The story of Kiefer’s begins in Paradise – the name of the restaurant that previously occupied the space. Kiefer’s, on the other hand, began as a beer and bratwurst stand launched by William and Anna Kiefer at the Great Lakes Exposition of 1936. When the event closed in late 1936, the Kiefers bought out Paradise and renamed it Swartzwald (“Black Forest” in German). It was a good time for German and central European cuisine and the establishment thrived. Expansions swallowed an adjoining carpet store, furniture store and barber shop and by the 1940s the eatery’s seating capacity topped 400. William baked and prepped. Anna handled the cooking and bookkeeping. Otto Thurn and his oompah band entertained patrons and conducted singalongs. Heavy wood paneling, Teutonic murals and copious beer immersed patrons in the Black Forest. President Jimmy Carter once held a nationally televised meeting there.

The restaurant’s early years coincided with the rise of the Bund. Seeking to promote favorable views of Nazi Germany, the Bund was populated primarily by American citizens of German descent. In 1939 and 1940 the Schwartzwald was a hotbed of Bund activity. Soon, however, Schwarzwald (like most German terms) became an undesirable moniker, so the couple renamed their establishment “Kiefer’s.”
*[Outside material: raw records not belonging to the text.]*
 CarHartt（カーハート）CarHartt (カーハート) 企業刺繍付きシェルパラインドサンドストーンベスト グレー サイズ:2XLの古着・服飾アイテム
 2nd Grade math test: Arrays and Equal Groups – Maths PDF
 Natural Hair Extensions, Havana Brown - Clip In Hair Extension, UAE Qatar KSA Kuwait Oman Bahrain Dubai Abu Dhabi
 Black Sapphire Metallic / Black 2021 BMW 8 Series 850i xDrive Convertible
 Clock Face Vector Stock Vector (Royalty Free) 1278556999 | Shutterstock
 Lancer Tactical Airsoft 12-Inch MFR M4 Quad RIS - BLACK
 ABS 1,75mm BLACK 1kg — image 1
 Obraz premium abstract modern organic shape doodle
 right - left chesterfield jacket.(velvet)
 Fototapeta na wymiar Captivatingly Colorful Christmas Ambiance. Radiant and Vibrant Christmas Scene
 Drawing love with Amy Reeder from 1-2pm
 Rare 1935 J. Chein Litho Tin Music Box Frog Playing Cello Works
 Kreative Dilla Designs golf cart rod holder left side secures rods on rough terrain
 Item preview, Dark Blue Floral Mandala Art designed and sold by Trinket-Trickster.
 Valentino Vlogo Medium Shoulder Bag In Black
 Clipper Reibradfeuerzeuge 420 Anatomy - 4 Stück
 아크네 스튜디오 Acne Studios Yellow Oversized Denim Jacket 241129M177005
In 1960 the Kiefers sold out to a syndicate headed by Jack and Joseph Klingbeil but the menu changed little: everything from paprikash to pig’s knuckles. A second consortium headed by County Treasurer Francis E. Gaul bought Kiefer’s in 1976, seasoning it with a slight Irish flavor. The rediscovery and renovation of Ohio City was just beginning at this time. That was fine for Kiefer’s but it also was a harbinger of increased competition. Nonetheless, when Gaul shuttered the restaurant in 1991, he blamed a recession and the 18-month renovation of the Main Avenue Bridge.

Signs of change are everywhere along lower Detroit Avenue. That’s a great thing for the most part. But when the Seymour Building overhaul is complete, the one remaining “sign of other times” will probably disappear.